- Supplied data:
+ + + +

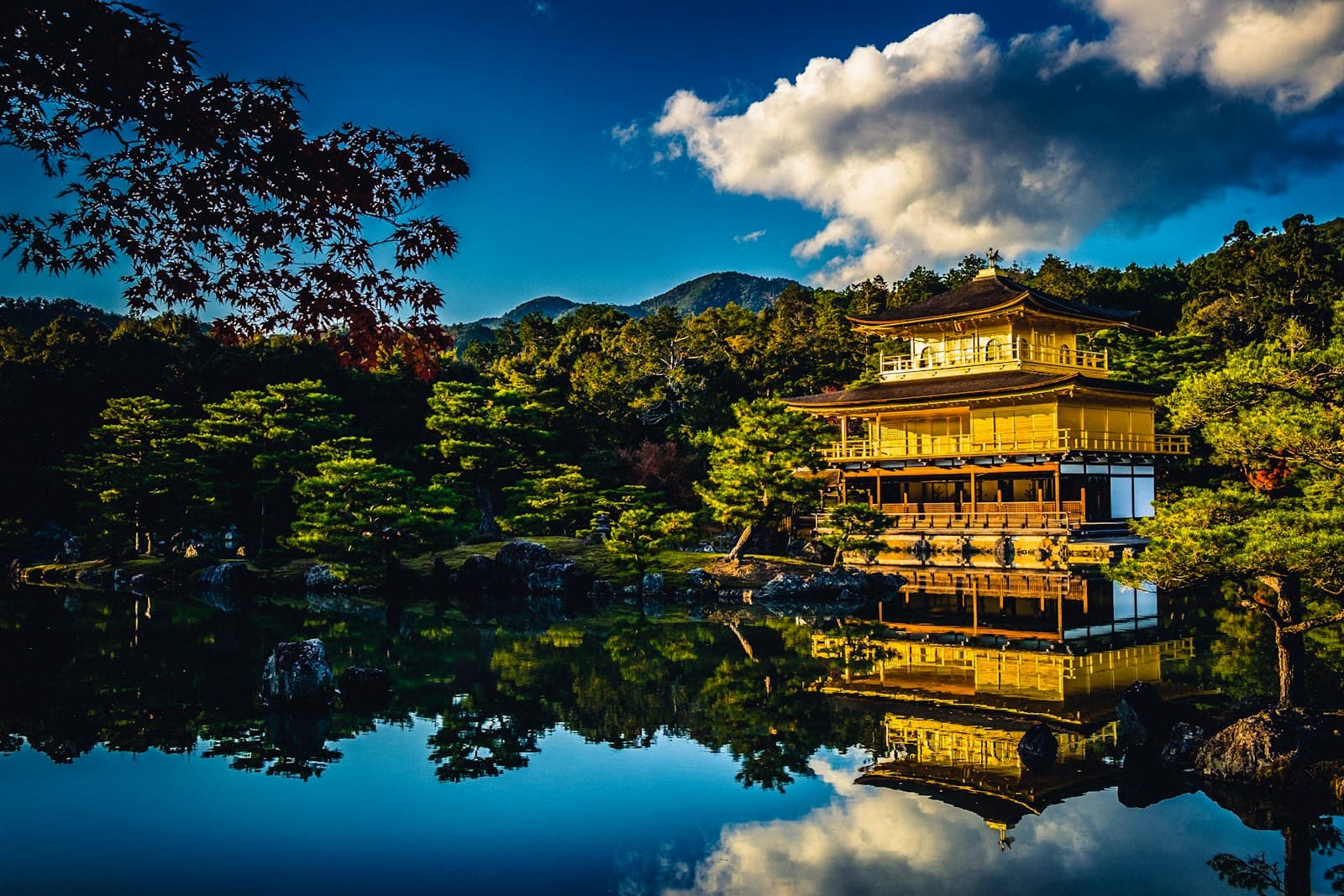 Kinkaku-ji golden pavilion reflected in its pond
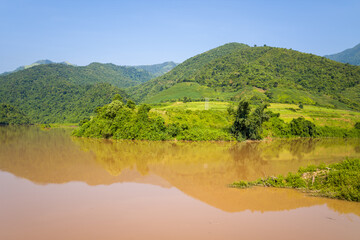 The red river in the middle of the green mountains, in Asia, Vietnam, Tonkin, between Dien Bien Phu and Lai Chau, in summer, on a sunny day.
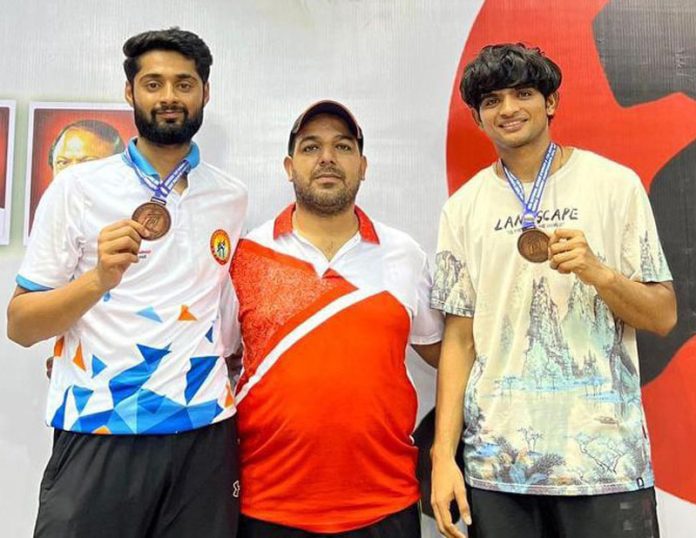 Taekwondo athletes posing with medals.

+ + + +

- The task: After locating the line with "The red river", transcribe it and the rest of the data above exactly as written, without any picture.

- Exercise answer:
 The red river in the middle of the green mountains, in Asia, Vietnam, Tonkin, between Dien Bien Phu and Lai Chau, in summer, on a sunny day.
 Taekwondo athletes posing with medals.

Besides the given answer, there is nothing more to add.